Gwen sits forward and turns to look at me, where I’m slouched down in my chair with my arms folded across my chest, feeling a mixture of shame and remorse. It all happened years ago but seeing Ben brought back an arsenal of emotions that I suddenly feel completely defenseless against.

“Wait. Was he your first?” she asks me, her big eyes jutting out of their sockets.

“I just thought... I just thought... I don’t know what I was thinking.” I moan and bury my face in my hands again, leaning forward until my elbows come to rest on my knees.

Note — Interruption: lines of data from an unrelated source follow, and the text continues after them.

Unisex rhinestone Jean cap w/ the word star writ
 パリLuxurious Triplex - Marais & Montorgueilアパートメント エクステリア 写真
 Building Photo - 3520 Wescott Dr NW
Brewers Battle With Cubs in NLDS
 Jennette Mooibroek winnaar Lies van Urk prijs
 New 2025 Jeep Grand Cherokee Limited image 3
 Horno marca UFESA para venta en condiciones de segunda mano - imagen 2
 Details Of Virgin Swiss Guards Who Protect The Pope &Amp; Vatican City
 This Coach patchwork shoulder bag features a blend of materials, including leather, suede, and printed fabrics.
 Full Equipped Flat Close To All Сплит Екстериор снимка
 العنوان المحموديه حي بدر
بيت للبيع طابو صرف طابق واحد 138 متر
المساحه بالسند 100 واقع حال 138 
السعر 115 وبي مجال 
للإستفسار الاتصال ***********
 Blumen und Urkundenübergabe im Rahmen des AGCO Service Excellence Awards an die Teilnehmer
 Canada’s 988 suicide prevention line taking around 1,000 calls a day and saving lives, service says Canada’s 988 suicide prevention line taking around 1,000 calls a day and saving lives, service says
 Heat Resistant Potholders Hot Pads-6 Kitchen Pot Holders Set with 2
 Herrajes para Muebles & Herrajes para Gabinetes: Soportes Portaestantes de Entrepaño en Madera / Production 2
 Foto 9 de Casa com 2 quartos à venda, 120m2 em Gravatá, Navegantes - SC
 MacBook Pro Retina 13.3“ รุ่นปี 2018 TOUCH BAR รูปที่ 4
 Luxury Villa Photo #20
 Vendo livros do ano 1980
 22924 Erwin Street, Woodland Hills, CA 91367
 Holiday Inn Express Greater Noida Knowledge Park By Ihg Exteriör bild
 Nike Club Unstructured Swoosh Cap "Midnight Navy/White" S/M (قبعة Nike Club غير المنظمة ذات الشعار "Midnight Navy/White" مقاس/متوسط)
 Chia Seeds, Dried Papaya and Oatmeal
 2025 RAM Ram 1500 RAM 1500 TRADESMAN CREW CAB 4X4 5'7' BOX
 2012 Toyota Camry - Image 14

But deep down I remember exactly what I had been thinking. Ben was leaving. He had been accepted to his dream school on the other side of the country. He was brilliant and he had this incredible plan for his future which all started at Harvard University. We had been inseparable for three years, crazy in love. Both of us virgins, we had been saving ourselves for graduation night, when we would finally have sex for the first time. Ben knew everything about me, and yet he still loved me anyway. He was the only one who really seemed to get me, the real me. He assured me that I was part of his plan. That the distance would not come between us. He argued that four years was nothing in the grand scheme of things, in comparison to the rest of our lives. I knew better. I wanted to believe in him, in us. But even at eighteen I was no naive little girl. The idea of not being with him made my chest hurt, and caused real, physical pain. It was as if I needed him to breathe. The notion that I had let myself depend on someone so much that life without them seemed unbearable was a terrifying realization. Ben was leaving me and there was nothing I could do to change that. I remember desperately wanting to end things with him on my own terms, to have some semblance of control over the situation. I pleaded with him, throwing out every reason in the book why we should break up; he was leaving and we should end it now, that long distance relationships never worked out. But he wouldn’t listen, refused to let me push him away. But that was exactly what I did when he found me in the backseat of Brody Knight’s car with my skirt pushed up around my waist just weeks before graduation. Sealing our fate. Ben had accepted early admission the following week and left the day after graduation. I stayed behind and attended community college in Seattle that fall, with a shattered heart, never hearing from him again.